Police officer John Buckley was killed Dec. 13, 1935, in the line of duty. But he was almost forgotten by the city he died serving.
Until recently, not a single current police officer knew about Buckley, the only Pittsburg cop to ever die in the line of duty until Officer Raymond J. Giacomelli on April 15, 2003. “It was a big shock,” said Officer Ed Lemons, a history buff who dug up the story from old newspapers. “I was always told we never lost an officer in the line of duty.”
On Monday, the Police Department paid formal tribute to Buckley by presenting its first-ever medal of valor to his surviving sister, a 90-year-old Walnut Creek woman.
The posthumous award honors Buckley for heroism and sacrifice in the line of duty.
“It’s fitting,” said Police Chief Willis Casey, who created the department’s new medal-of-valor program. “And it gives the award a certain dignity.”

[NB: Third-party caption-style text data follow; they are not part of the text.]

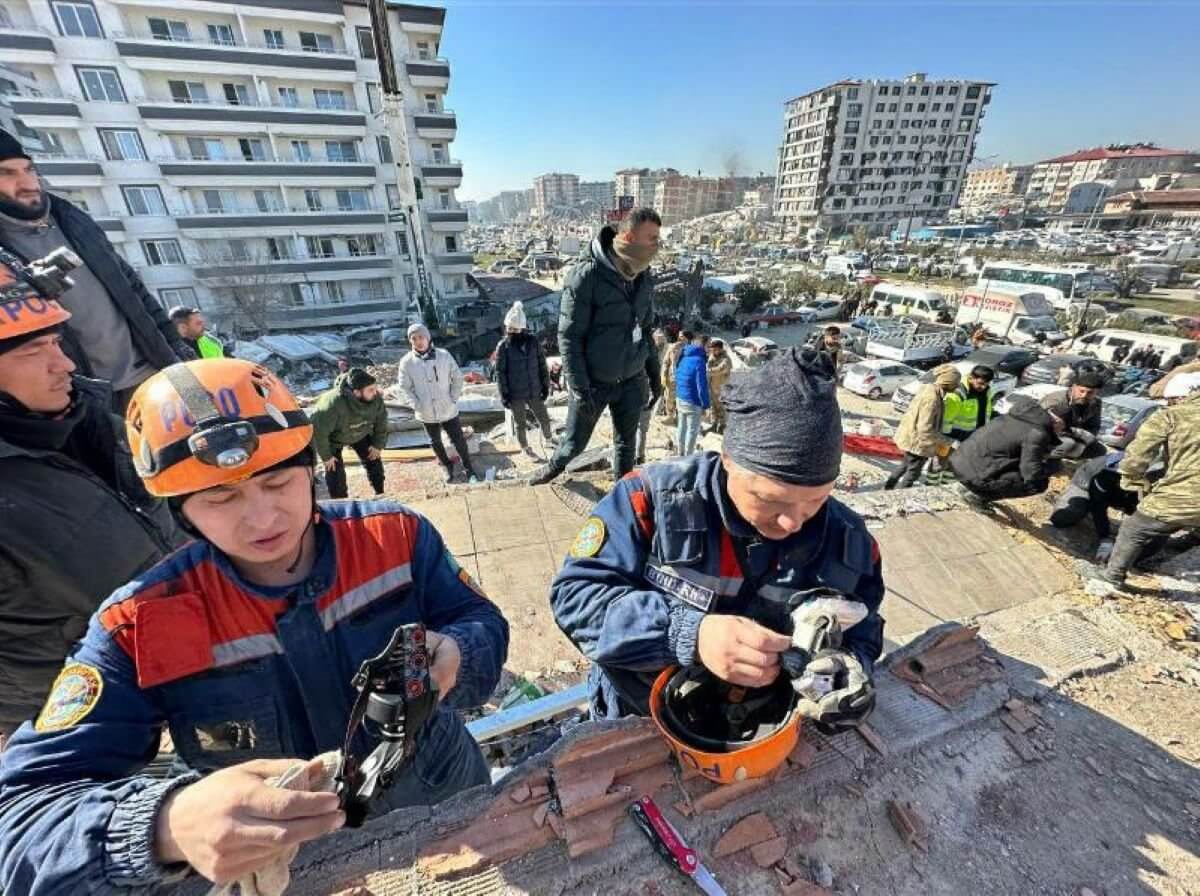 "Нағыз қаһармандар!" - Түркияда қаза тапқан жігіттің бауыры қазақстандық құтқарушыларға алғыс айтты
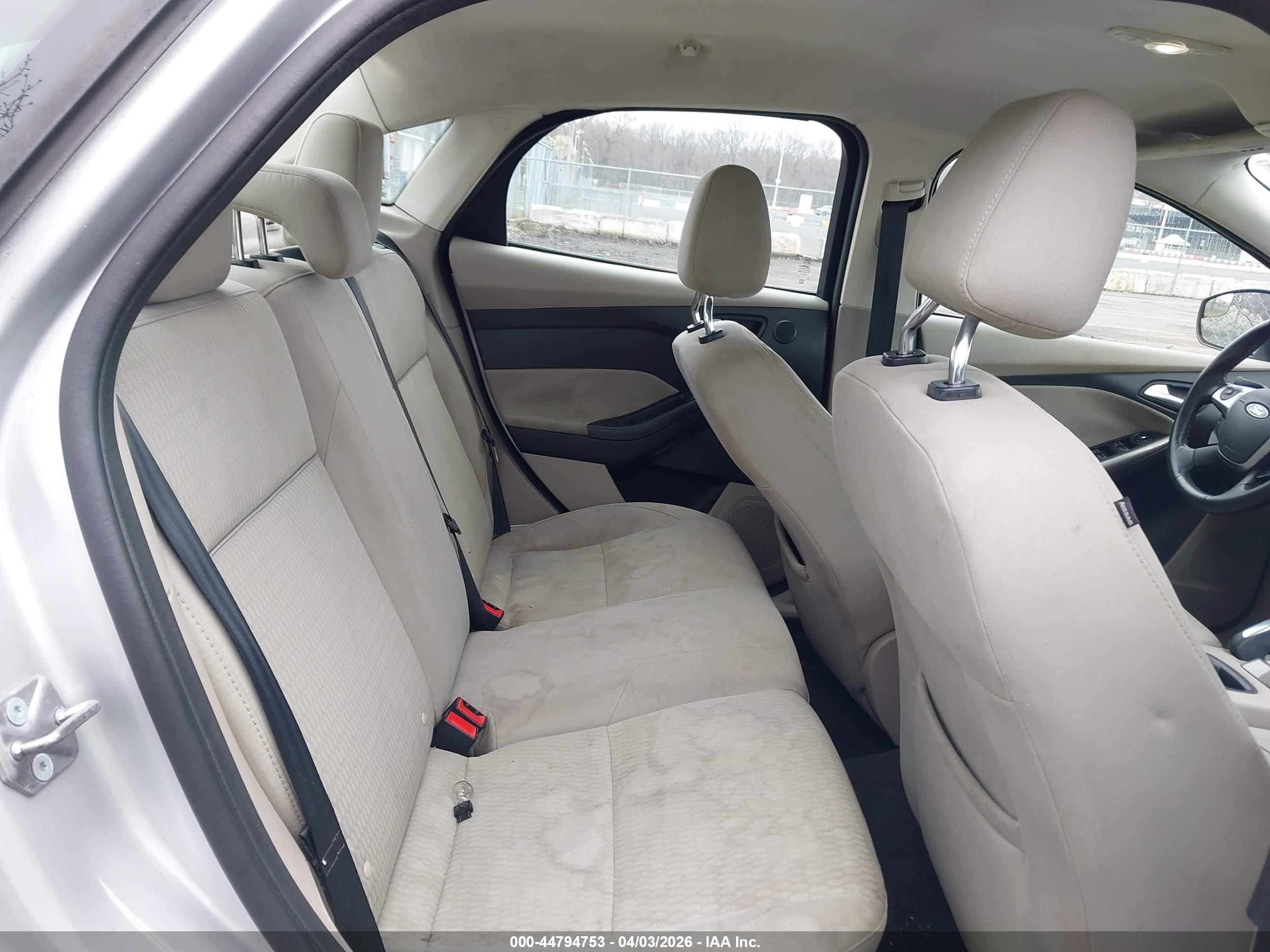 FORD FOCUS image 8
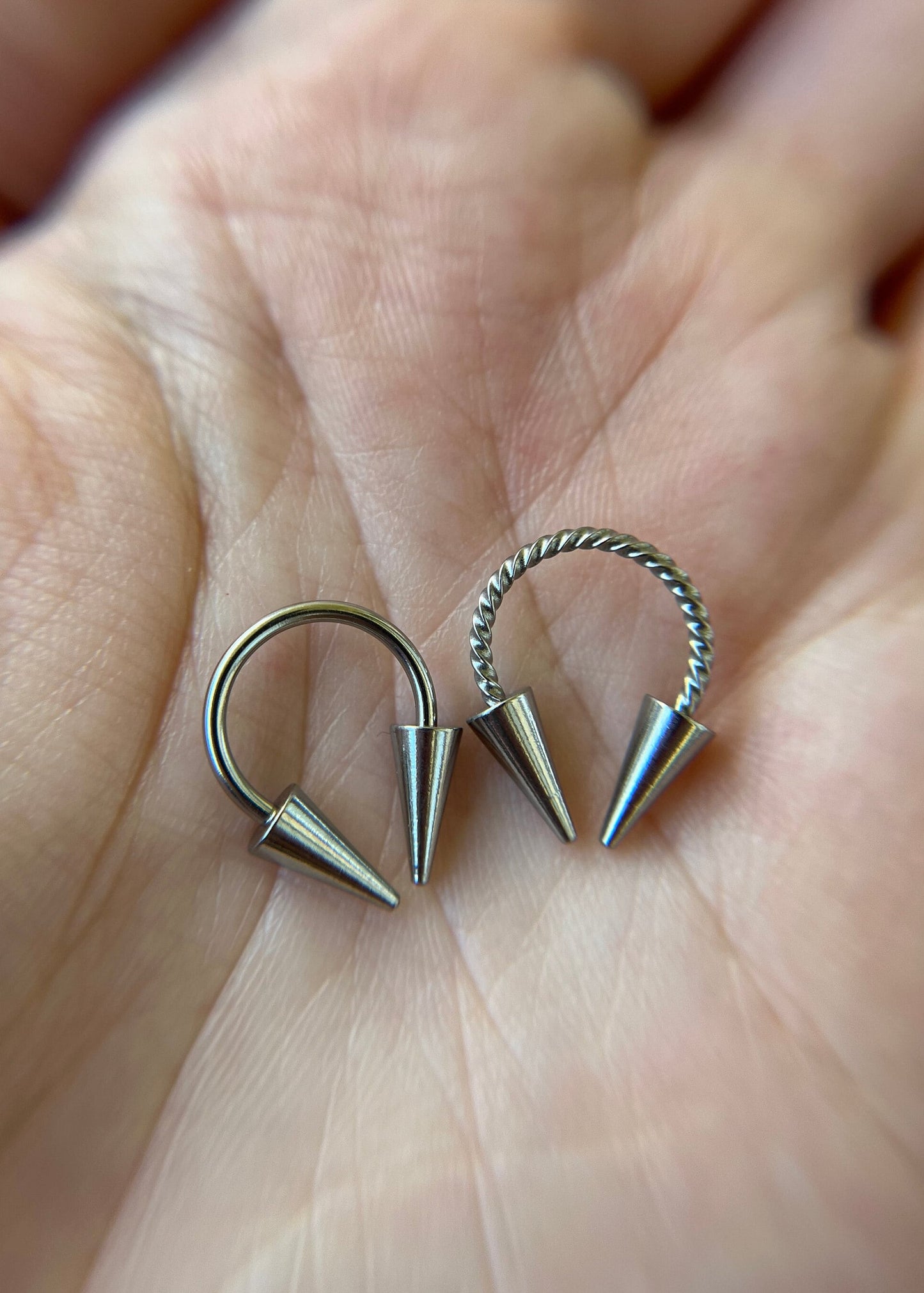 Surgical Steel Smooth or Twisted Long Spikes 16G (1.2mm) Hypoallergenic Horseshoe Ring Septum Piercing Hypoallergenic 316L Steel Spiked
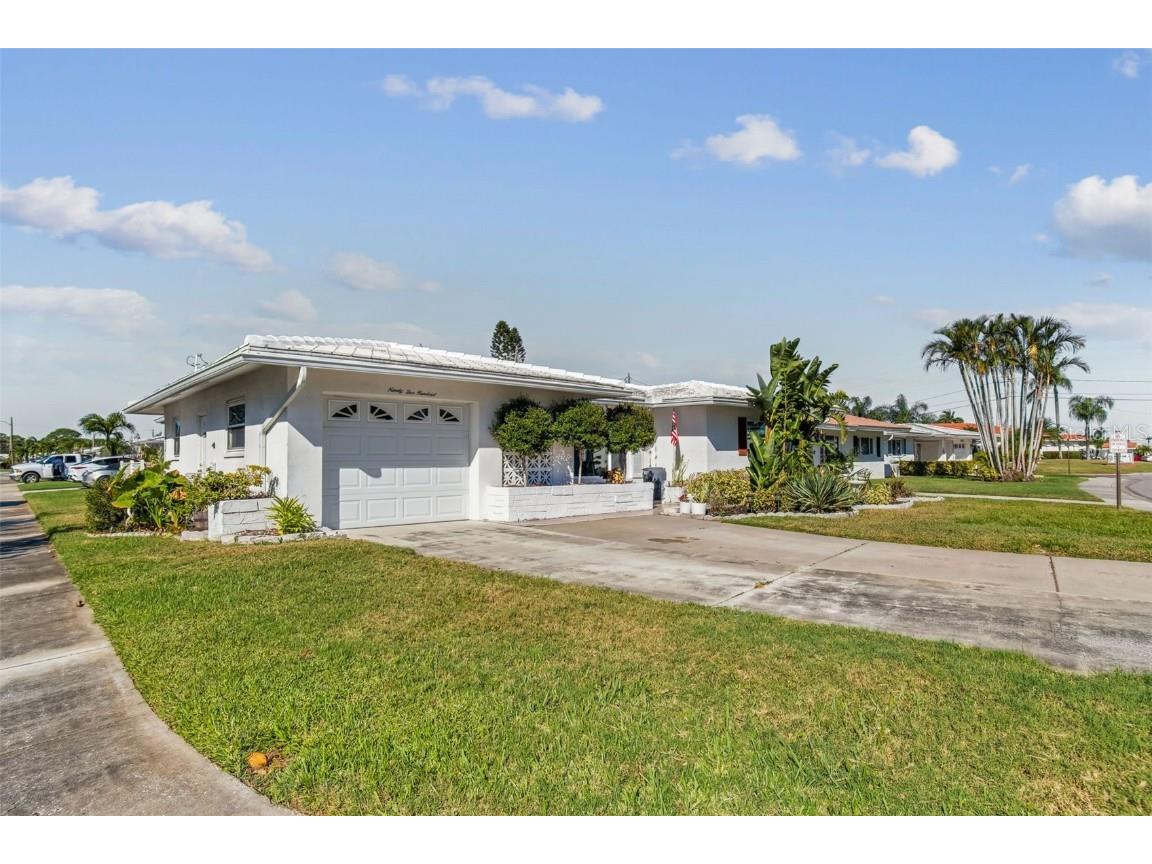 9500 Mainlands Boulevard W #1-A Pinellas Park FL 33782 TB8447262 image1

The rediscovery of Buckley’s killing was sparked by a conversation between Casey and Lemons last year, in which they discussed the lack of historical photos or other Police Department memorabilia.
Lemons resolved to spend some time researching the department.
Along the way, he talked to a Pittsburg oldtimer who mentioned that a police officer was once shot and killed in the city. At first, Lemons was skeptical.
But he went back to old issues of the Pittsburg Post Dispatch, now part of the Daily Ledger Post Dispatch. The issues were preserved on microfilm at the newspaper’s Railroad Avenue building.
Working off-duty in his spare time, Lemons spent several hours a day for nearly two months reading newspapers dating back to 1920, the year the Police Department was founded.
When Lemons finally ran across the 1935 story about Buckley, it was a big surprise to police.
“Even the longest-serving officers on the department, who had been here something like 24 years, hadn’t heard of him,” Casey said. “(Buckley) had been forgotten a long time ago.”
Newspaper reports gave this account of the shooting of Buckley:
Buckley, 39, was one of two officers called to a 1 a.m. disturbance on Dec. 13 at the old Paloma Café on Second and Black Diamond streets. Inside, a Pittsburg man, who was drunk and had been smoking marijuana, was armed with a .38-caliber revolver and had shot at a phonograph.
When police arrived, Buckley took up a position at the front of the establishment; a second officer went to the back. The man tried to flee out the back, shooting and wounding the second officer. He then ran to the front of the restaurant, where Buckley apparently tried to grab him.
Buckley was shot once in the chest and died.
If it happened today, the bullet probably would have been repelled by a bullet-proof vest. Unfortunately, those devices weren’t around back then, Lemons said.
The shooter was found later that morning, hiding in a bathtub at a York Street residence. After a shootout with two other officers, he died – with 18 bullet holes in his body.
After Buckley’s death, the City Council offered to name a street after him. But his family declined, and the officer was buried without fanfare at a Martinez cemetery, Lemons said.
As a tribute, the City Council at the time planted a redwood tree at City Park in his honor. Today, there is no plaque at the site, and it’s not certain which of the two redwood trees in the park are his, Lemons said.
But now, more than 38 years later, the city is again considering naming a street after the slain officer, possibly North Parkside Drive, Lemons said.
The slain officer’s sister, Mary Castro, 90, of Walnut Creek, accepted the medal of valor on behalf of her brother at a Pittsburg City Council meeting.
She and eight police officers, including Chief Casey, were on hand for the presentation.
“It’s kind of hard to say how I feel now,” Castro said. “I’m very proud tonight.”